Mit den 116 Mio.  Euro, davon die Hälfte EU-Mittel, stelle man den Milchbetrieben noch einmal einen beträchtlichen Liquiditätszuschuss zur Verfügung, sagte Bundesagrarminister Christian Schmidt nach der Kabinettssitzung. Die Bedingung sei allerdings, dass die einzelbetriebliche Milchmenge konstant bleiben und nicht weiter wachsen dürfe. Mit der  Ausweitung der Gewinn- und Tarifglättung schaffe die Bundesregierung eine bessere Besteuerung und Planungssicherheit.

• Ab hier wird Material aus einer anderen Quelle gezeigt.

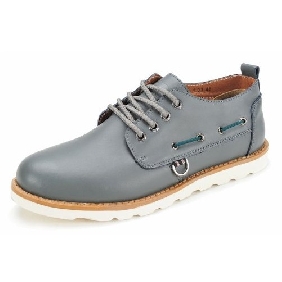 Gray Real Leather Business Punk Men's Casual Shoes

Er  habe großen Wert darauf gelegt, dass der dann zu berücksichtigende Glättungszeitraum bereits 2014 beginne – ein Jahr, in dem die Gewinne hoch waren.

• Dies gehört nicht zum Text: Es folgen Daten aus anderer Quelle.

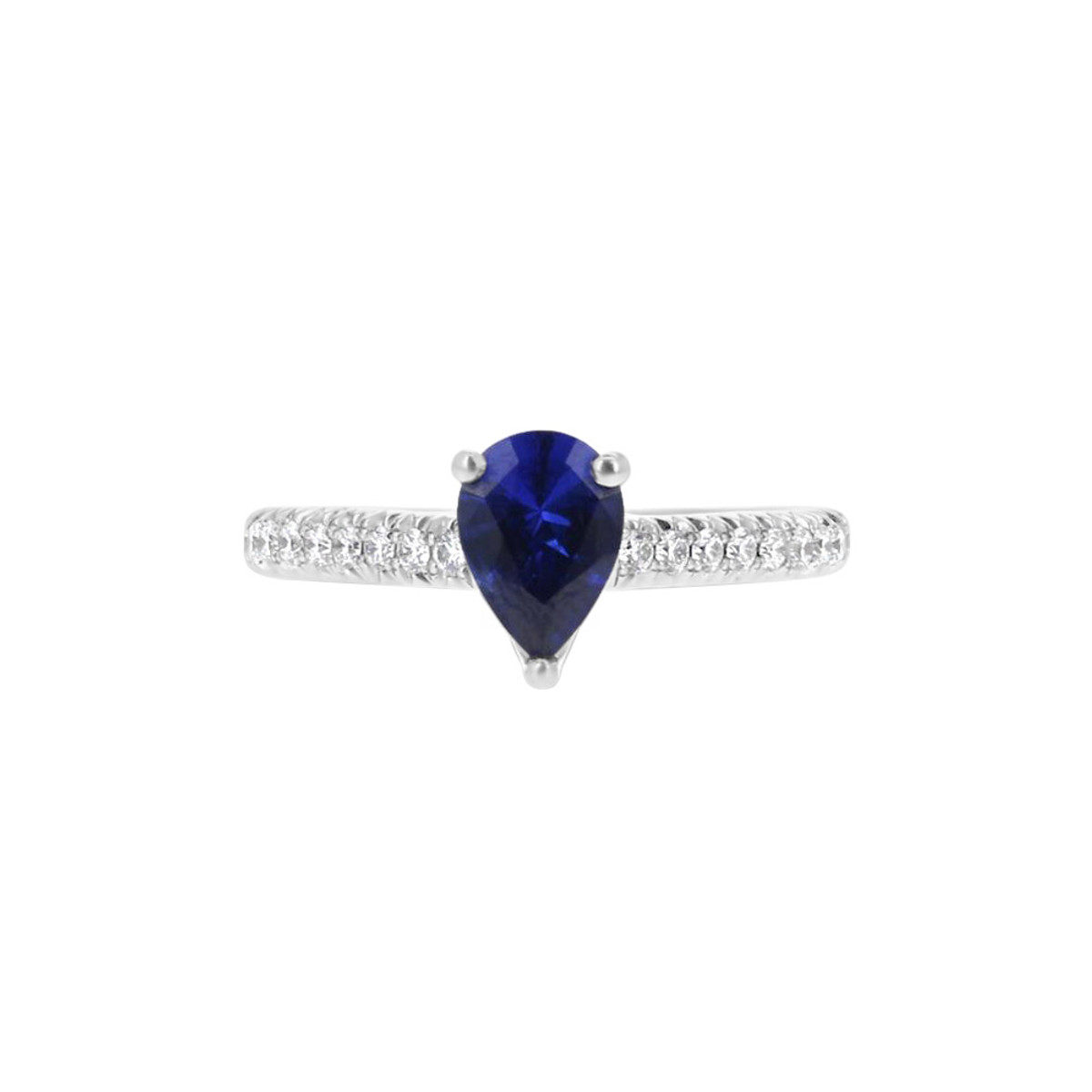 Engage By Hyde Park 18K White Gold 0.97ct Pear Sapphire & Diamond Ring-DCQTS0256 Product Image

Schmidt  forderte erneut die Milchbranche auf, Maßnahmen zur Strukturanpassung vorzunehmen. Ziel müsse es sein, Marktschwankungen künftig innerhalb der Wertschöpfungskette aufzufangen.  Der Minister warnte die Molkereien, auf Zeit zu spielen, und sagte:  „Eines geht nicht: vom Staat zu verlangen, er solle in Krisen helfen, und nicht auf sich selbst zu blicken in der Wertschöpfungskette und dann auch nicht die notwendigen Konsequenzen zu ziehen, wenn man nicht optimal aufgestellt ist.”  Schmidt  hält  an seinem Ziel der Schaffung einer Branchenorganisation Milch fest. Für deren Aufbau bot er seine Unterstützung an.

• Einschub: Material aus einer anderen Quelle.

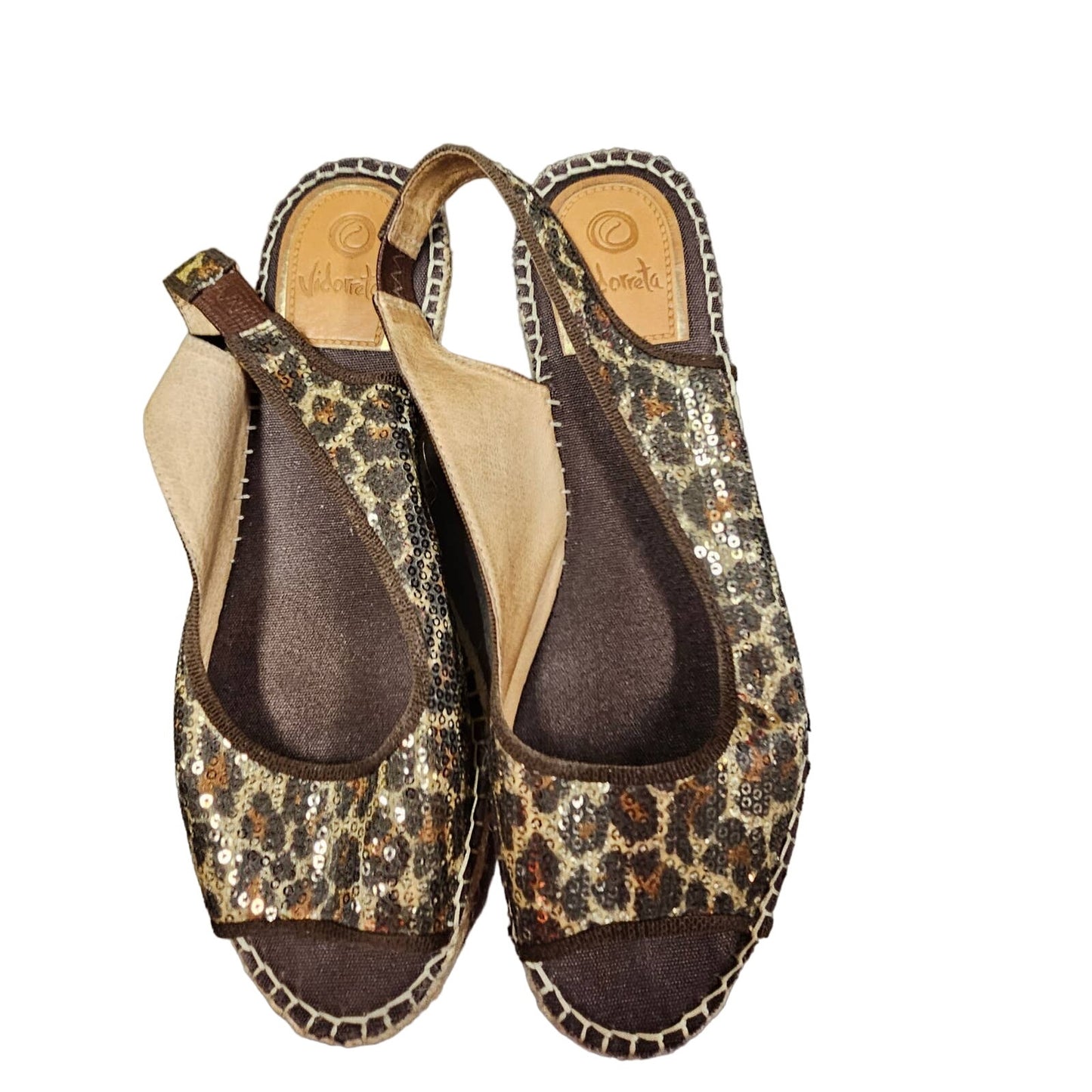 Viddorrete Chetta / leopard Print Slingback peek-a-boo Sandal size 10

Unterdessen hat der agrarpolitische Sprecher der SPD-Bundestagsfraktion, Dr. Wilhelm Priesmeier, vor einem Scheitern des Hilfspakets im Bundesrat gewarnt. Vor allem über die geplanten steuerlichen Änderungen gebe es in den Ländern einen wachsenden Unmut.
Für Priesmeier rächt sich damit, dass die Gelder für das Hilfsprogramm aus Brüssel an die Änderungen im Einkommensteuergesetz gekoppelt werden sollen. Der SPD-Politiker sprach von „etlichen Länderfinanzministern”, die mit eben diesen einkommensteuerlichen Änderungen Bauchschmerzen hätten. Die Bundesregierung habe es versäumt, ihre Pläne vorab mit den Länderfinanzministerien zu bereden.
Sonderstatus
Zudem hätten  Bedenken zum  Sonderstatus der Landwirtschaft gegenüber anderen Wirtschaftszweigen  nicht ausgeräumt werden können. Ein Verweis auf den Klimawandel reiche nicht. „Wie soll man  Touristikern oder Handwerkern mit ihren ebenfalls  witterungsabhängigen Berufen erklären, warum sie nicht ihre Gewinne und Verluste über die Jahre miteinander verrechnen dürfen”, so Priesmeier. Laut  Priesmeier sehen vor allem die neuen Länder keinen Mehrwert in der Gewinnglättung, da diese nur für natürliche Personen gelten solle. Demgegenüber unterlägen die ostdeutschen Landwirtschaftsbetriebe vor allem der Körperschaftssteuer, weil sie als GmbH oder Genossenschaft geführt würden.
Laut Priesmeier erwägen einige Länder, im Bundesrat den Vermittlungsausschuss anzurufen. Dies hätte  zur Folge, dass das Gesetz nicht mehr 2016 verabschiedet werden könne. Damit würde  das wirtschaftlich  erfolgreiche Jahr 2014 aus der Gewinnglättung herausfallen.
Gesamtpaket
Die staatlichen Hilfen, die den Betrieben im Rahmen der Milchpreiskrise in den letzten beiden Jahren bereitgestellt wurden, bezifferte Schmidt insgesamt auf 581 Mio. Euro. Die Summe setzt sich zusammen aus Liquiditätshilfen von 69 Mio. Euro im ersten und 116 Mio. Euro im zweiten Hilfsprogramm sowie zusätzlichen Bundesmitteln für die Landwirtschaftliche Unfallversicherung  2016 und 2017 in Höhe von jeweils 78 Mio. Euro. Der deutsche Anteil am EU-Mengenreduzierungsprogramm beträgt  40 Mio. Euro. Hinzu kommen 150 Mio. Euro für das ab Januar nächsten Jahres geplante Bürgschaftsprogramm sowie 50 Mio. Euro für die Gewinn- und Tarifglättung.